Statistics. Statistical analyses were done with Prism software (version 6, GraphPad). All comparisons between 2 groups were made with unpaired 2-tailed Student’s t tests. When more than 2 groups were assessed, after confirmation that normality was achieved (using the Kolmogorov-Smirnov test in PRISM), data were assessed by 1-way ANOVA followed by Bonferroni’s adjusted post hoc t tests for multiple pairs of interest without a priori selection. Log-rank tests were used to compare survival data. Robust regression and outlier removal (ROUT, GraphPad) were used to determine whether outliers were present. Experiments were typically repeated at least 3 times, unless otherwise noted. Data are presented as mean ± SEM. All statistical tests were 2-sided, and results were considered statistically significant at P < 0.05.

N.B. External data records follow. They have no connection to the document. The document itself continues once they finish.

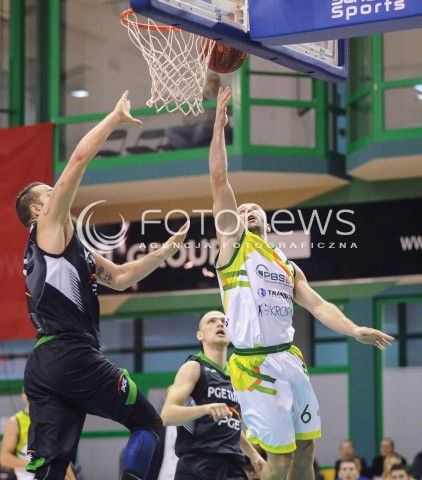  07.11.2016 KROSNO <br />KOSZYKOWKA TAURON BASKET LIGA PLK 2016/2017 <br />MEN BASKETBALL POLAND POLISH BASKETLIGA LEAGUE SEASON 2016/2017 <br />MECZ MIASTO SZKLA KROSNO - PGE TUROW ZGORZELEC<br />N/Z DARIUSZ OCZKOWICZ <br /> 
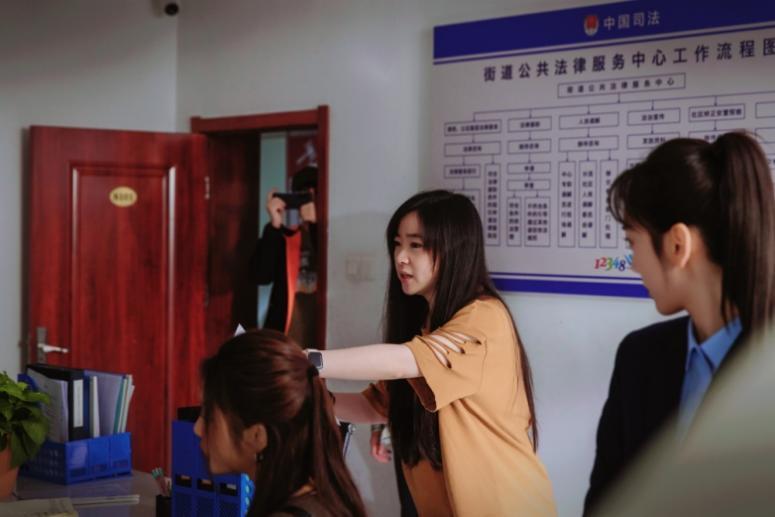 导演米禾禾在《司法所里的故事》拍摄现场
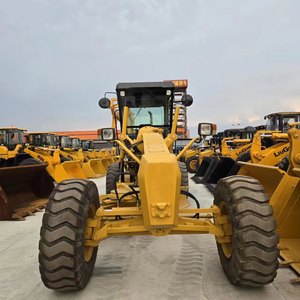 Niveleuse à moteur Liugong CLG422D jaune, modèle 2019, poids opérationnel de 16 500 kg, pour travaux routiers et terrassement - Product Image 2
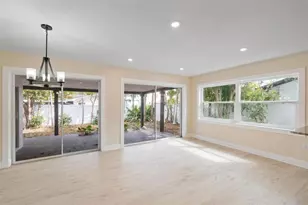 1331 Viewtop Dr, Clearwater, FL 33764 - Photo 19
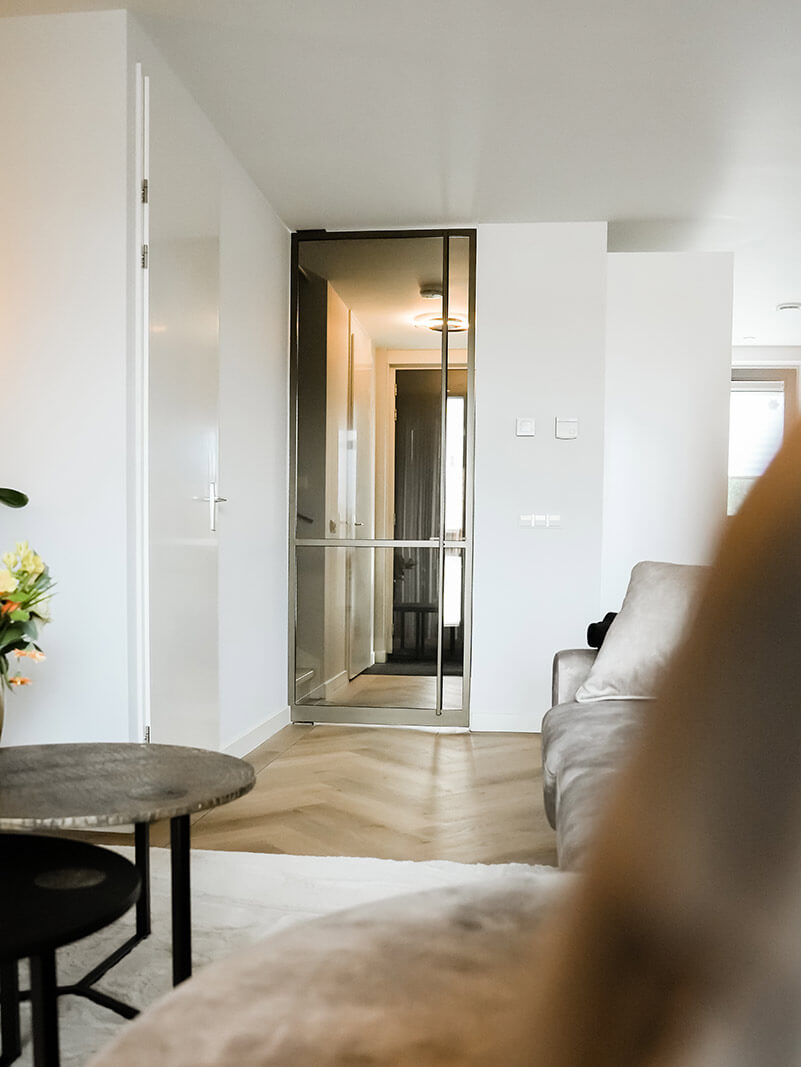 bronzen taatsdeur met brons glas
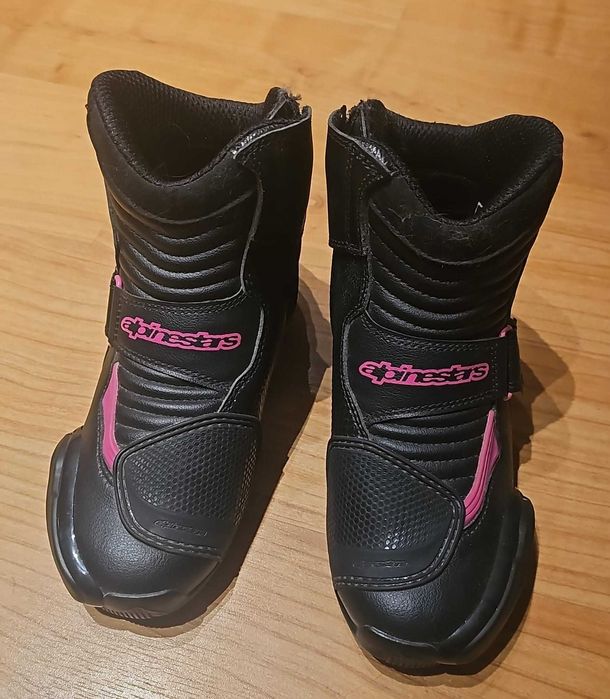 Botas Alpinestars p/ Mulher. Completamente Novas, nunca foram usadas.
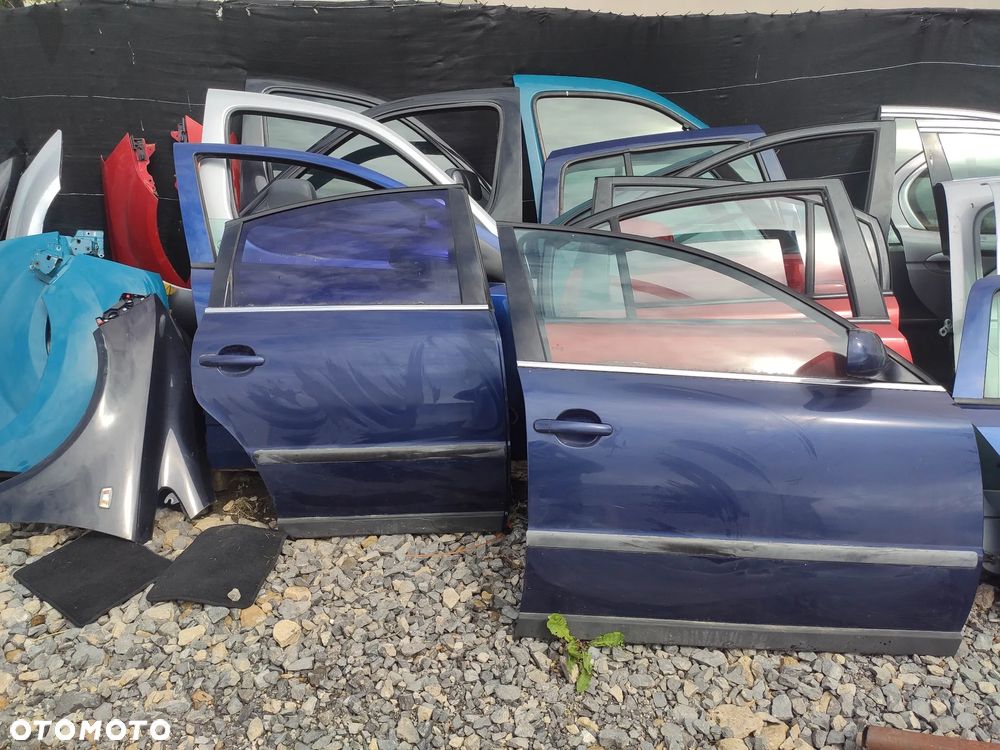 KL Drzwi Prawy Przód Prawy tył VW PASSAT B5 FL 00- SEDAN LB5N GOŁE - 1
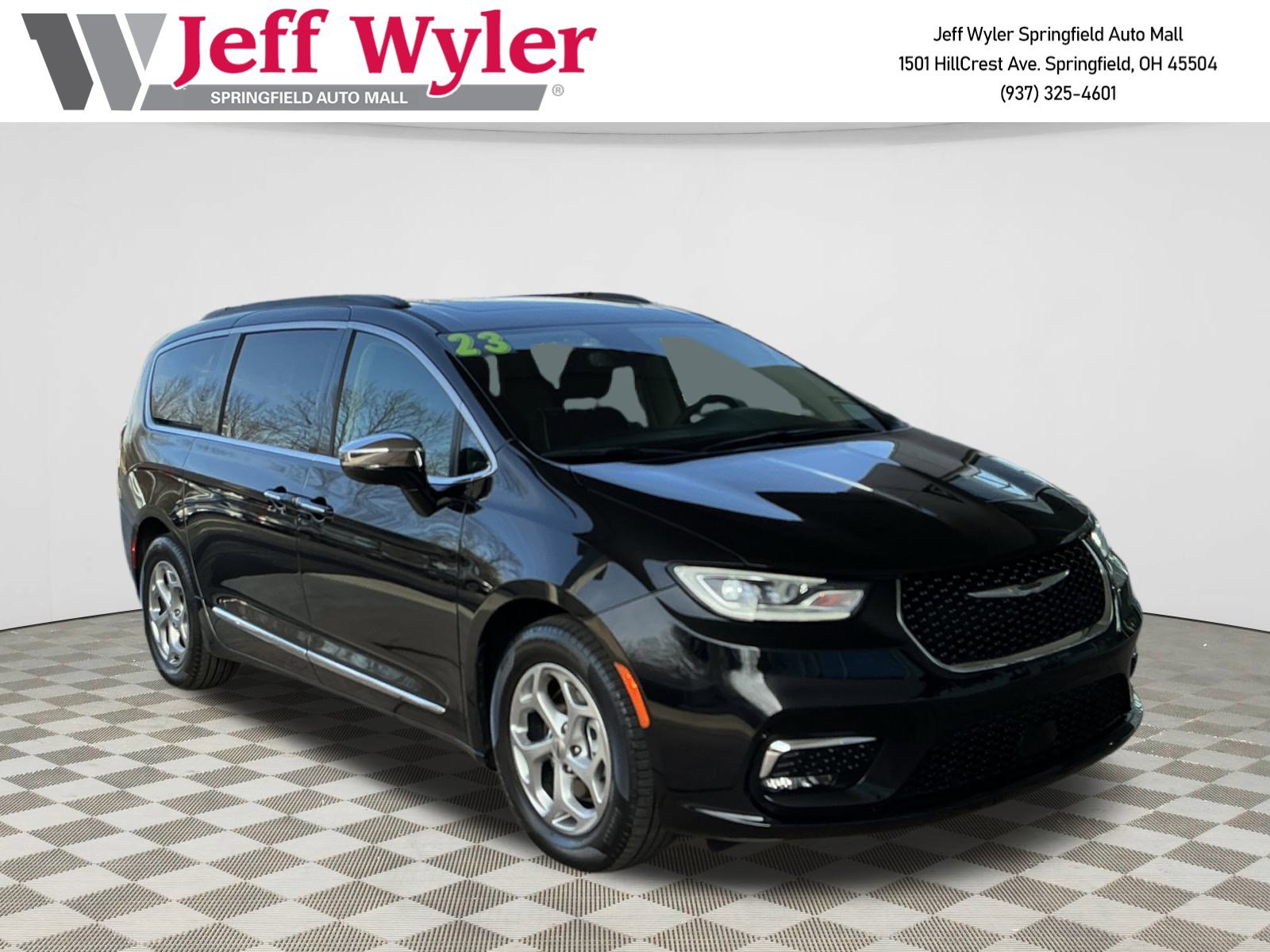 Used 2023 Chrysler Pacifica Limited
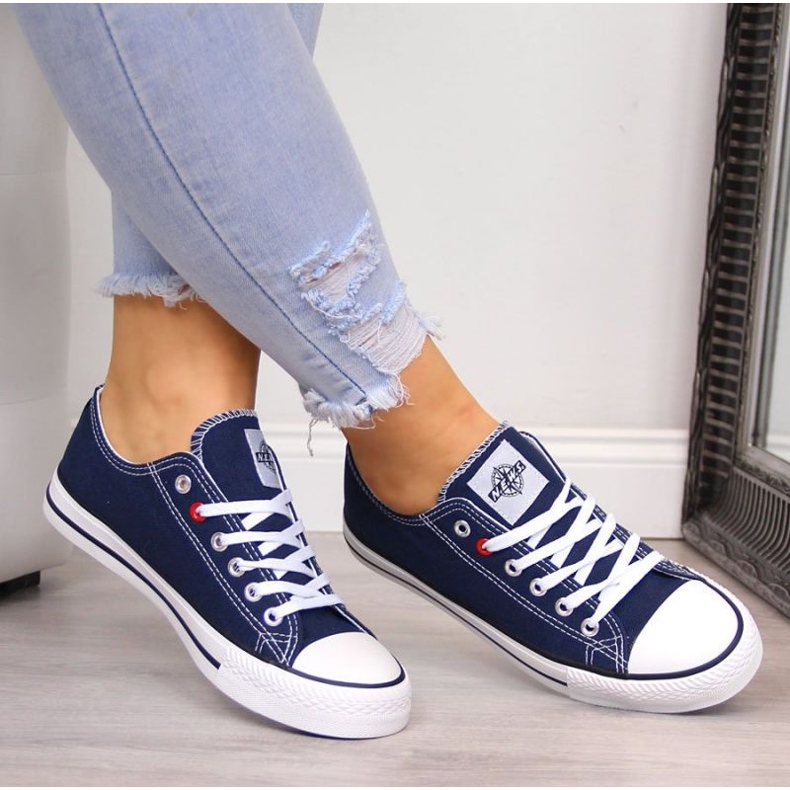 News Tummansiniset lenkkarit UUTISET W EVE8A 2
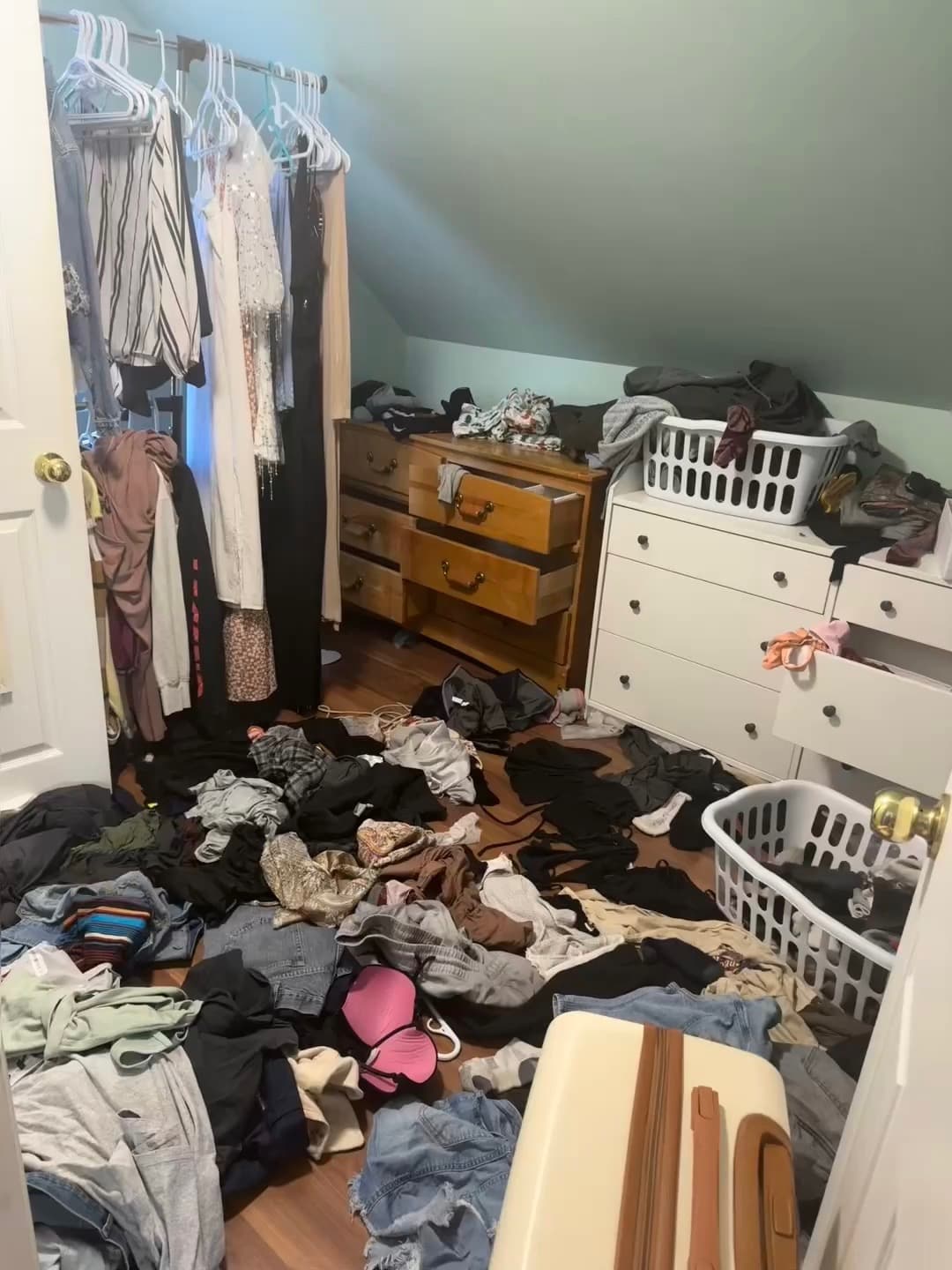 Closet Organization — before cleaning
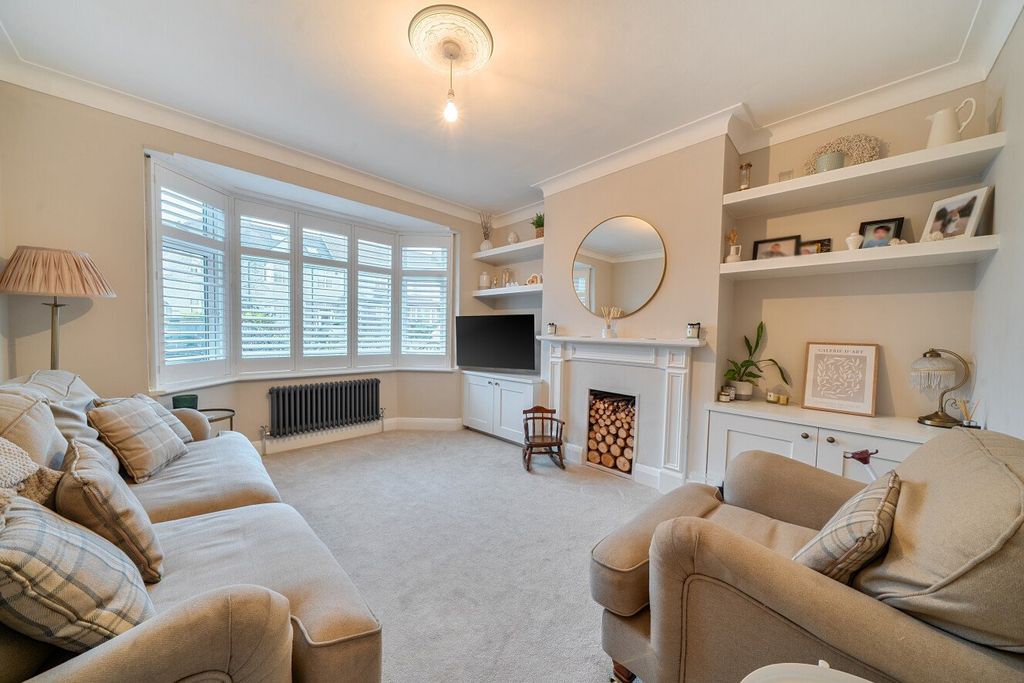 Property photo 2 of 19 Picture No. 12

Study approval. Animal studies with IFN-γR^−/− mice were conducted under protocols approved by the institutional animal care and use committee of the Institute of Biophysics, Chinese Academy of Sciences (Beijing, China). All the other animal studies were approved by the institutional animal care and use committee of Soochow University. Mice were kept in a specific pathogen–free facility in microisolator cages. All experimental methods were conducted in accordance with the animal care and use regulations of China.